What to produce: Of the records that follow, copy only the lines from the line containing "Verona Window Seat Oyster Crushed Velvet" to the line containing "Washington Redskins Nike", both included, exactly as written.

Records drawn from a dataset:
________________________________________

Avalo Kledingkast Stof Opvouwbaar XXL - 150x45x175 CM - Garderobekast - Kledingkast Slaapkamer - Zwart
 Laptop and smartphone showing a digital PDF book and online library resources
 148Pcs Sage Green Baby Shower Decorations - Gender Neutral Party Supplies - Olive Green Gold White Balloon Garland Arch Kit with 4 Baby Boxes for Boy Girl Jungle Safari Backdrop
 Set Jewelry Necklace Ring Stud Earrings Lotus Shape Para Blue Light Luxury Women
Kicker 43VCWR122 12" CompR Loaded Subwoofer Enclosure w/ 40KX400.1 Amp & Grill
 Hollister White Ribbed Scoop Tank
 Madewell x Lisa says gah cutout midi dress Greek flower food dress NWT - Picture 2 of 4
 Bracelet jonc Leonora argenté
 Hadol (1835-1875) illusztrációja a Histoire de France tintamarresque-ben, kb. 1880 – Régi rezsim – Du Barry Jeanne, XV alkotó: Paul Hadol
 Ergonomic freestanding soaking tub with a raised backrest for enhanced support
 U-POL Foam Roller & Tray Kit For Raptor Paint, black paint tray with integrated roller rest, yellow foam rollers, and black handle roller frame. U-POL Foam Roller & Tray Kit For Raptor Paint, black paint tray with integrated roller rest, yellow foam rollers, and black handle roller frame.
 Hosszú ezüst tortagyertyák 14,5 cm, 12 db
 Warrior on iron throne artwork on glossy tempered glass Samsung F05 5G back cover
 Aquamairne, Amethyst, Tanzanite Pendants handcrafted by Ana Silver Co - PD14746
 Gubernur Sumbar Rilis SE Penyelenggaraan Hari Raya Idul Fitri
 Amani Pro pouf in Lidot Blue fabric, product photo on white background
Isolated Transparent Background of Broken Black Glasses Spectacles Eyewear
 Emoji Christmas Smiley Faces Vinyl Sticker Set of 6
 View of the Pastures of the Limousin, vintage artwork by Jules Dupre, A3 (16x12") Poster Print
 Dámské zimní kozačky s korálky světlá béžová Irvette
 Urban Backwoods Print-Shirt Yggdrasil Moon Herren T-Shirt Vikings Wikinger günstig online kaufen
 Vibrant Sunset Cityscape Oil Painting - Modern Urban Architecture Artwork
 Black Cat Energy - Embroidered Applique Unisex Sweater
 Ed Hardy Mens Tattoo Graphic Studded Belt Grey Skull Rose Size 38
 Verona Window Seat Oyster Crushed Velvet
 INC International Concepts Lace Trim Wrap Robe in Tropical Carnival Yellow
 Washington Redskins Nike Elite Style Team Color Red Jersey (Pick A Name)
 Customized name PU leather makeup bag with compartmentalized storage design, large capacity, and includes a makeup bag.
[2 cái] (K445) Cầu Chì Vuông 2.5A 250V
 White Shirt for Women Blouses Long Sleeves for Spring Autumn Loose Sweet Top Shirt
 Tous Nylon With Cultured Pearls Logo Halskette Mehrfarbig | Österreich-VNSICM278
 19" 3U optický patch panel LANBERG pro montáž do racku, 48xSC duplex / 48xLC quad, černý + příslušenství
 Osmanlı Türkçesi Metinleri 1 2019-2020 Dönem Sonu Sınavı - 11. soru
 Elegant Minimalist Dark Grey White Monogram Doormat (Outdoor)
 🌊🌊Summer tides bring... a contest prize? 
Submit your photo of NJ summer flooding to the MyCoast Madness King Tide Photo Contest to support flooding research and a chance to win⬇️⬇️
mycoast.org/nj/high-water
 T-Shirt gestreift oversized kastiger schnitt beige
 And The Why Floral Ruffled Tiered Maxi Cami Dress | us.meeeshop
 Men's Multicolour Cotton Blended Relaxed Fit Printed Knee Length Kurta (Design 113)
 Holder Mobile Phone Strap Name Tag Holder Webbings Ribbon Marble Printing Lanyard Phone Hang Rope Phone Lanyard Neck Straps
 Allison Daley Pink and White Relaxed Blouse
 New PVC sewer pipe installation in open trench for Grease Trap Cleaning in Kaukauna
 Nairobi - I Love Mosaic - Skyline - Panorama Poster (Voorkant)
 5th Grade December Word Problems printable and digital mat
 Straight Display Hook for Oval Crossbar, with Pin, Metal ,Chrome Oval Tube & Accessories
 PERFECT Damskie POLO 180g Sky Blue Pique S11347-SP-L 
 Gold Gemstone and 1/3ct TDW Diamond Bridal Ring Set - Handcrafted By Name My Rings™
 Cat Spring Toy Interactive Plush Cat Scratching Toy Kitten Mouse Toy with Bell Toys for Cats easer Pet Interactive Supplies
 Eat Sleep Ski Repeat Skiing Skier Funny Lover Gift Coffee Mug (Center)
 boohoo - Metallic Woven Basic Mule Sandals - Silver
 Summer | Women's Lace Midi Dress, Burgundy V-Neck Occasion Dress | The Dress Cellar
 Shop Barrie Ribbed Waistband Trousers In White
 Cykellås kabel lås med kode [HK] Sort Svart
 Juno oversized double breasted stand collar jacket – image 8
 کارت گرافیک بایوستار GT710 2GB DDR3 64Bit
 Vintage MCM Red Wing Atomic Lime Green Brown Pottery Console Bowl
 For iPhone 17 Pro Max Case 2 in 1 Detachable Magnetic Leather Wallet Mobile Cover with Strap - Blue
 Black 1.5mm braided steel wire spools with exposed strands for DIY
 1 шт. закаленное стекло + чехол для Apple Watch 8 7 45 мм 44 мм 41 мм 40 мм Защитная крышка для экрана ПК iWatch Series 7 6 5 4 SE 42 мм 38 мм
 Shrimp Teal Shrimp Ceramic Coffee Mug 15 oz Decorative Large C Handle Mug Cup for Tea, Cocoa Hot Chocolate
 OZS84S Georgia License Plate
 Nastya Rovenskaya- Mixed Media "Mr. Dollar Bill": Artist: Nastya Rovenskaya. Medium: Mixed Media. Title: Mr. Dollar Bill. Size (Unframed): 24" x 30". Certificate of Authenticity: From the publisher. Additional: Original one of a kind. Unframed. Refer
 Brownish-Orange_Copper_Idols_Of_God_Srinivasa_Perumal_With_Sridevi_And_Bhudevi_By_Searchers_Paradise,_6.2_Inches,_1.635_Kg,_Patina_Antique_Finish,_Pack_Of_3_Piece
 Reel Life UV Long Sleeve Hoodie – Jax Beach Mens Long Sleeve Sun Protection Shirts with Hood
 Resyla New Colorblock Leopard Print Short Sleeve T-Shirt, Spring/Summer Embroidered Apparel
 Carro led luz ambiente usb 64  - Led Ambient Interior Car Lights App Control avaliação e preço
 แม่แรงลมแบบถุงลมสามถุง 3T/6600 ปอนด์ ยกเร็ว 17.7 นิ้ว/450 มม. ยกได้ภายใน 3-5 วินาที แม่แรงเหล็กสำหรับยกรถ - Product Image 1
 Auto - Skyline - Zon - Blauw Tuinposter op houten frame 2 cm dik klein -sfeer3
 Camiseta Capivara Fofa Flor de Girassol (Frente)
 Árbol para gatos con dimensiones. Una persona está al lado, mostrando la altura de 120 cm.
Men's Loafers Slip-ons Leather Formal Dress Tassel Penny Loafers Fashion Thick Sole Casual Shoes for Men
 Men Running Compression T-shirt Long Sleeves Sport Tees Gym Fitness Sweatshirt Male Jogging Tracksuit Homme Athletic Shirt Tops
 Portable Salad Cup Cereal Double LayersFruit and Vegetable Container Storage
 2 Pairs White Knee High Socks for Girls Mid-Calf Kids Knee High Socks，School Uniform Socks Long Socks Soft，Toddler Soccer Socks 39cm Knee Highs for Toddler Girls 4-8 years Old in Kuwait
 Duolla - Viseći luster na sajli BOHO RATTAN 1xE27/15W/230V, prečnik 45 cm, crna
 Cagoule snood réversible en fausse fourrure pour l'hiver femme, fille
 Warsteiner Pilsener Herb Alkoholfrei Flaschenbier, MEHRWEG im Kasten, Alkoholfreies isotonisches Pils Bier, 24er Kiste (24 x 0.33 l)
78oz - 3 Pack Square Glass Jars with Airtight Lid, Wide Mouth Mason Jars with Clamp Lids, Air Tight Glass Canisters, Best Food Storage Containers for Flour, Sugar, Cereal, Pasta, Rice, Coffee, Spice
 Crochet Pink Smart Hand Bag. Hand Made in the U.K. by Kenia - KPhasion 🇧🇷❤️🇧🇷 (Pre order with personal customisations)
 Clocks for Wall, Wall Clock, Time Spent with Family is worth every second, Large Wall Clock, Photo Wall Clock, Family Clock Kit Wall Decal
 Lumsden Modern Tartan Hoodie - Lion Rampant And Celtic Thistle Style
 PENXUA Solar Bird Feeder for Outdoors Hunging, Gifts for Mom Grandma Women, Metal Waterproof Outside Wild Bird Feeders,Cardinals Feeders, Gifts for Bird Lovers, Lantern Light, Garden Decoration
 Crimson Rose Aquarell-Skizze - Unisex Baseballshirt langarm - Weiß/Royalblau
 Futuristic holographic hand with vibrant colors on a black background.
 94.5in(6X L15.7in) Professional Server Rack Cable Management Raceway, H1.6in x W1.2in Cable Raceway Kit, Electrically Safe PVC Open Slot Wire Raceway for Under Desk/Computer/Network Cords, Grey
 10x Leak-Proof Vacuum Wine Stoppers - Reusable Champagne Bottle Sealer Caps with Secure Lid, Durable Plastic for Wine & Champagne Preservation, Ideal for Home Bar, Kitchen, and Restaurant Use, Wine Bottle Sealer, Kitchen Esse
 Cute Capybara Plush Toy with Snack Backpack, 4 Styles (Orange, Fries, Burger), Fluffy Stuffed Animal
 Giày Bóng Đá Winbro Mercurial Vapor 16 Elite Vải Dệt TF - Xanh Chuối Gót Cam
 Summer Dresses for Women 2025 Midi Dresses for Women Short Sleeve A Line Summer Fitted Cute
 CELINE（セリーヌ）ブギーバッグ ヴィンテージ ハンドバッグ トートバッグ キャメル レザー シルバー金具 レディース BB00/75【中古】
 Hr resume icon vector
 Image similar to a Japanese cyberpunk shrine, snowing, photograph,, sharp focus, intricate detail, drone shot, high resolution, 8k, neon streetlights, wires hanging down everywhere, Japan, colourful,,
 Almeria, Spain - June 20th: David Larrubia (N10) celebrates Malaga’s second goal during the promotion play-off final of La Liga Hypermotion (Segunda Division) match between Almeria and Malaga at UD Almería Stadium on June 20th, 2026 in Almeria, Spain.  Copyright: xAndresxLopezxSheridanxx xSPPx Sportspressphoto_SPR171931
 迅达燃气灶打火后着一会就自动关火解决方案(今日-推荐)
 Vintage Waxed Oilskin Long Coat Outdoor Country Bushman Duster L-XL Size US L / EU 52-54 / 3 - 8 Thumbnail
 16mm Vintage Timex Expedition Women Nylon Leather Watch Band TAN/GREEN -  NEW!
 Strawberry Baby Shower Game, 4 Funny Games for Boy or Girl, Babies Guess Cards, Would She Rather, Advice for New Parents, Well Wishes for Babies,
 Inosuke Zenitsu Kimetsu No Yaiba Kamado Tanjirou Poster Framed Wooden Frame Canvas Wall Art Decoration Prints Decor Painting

________________________________________

Response area:
 Verona Window Seat Oyster Crushed Velvet
 INC International Concepts Lace Trim Wrap Robe in Tropical Carnival Yellow
 Washington Redskins Nike Elite Style Team Color Red Jersey (Pick A Name)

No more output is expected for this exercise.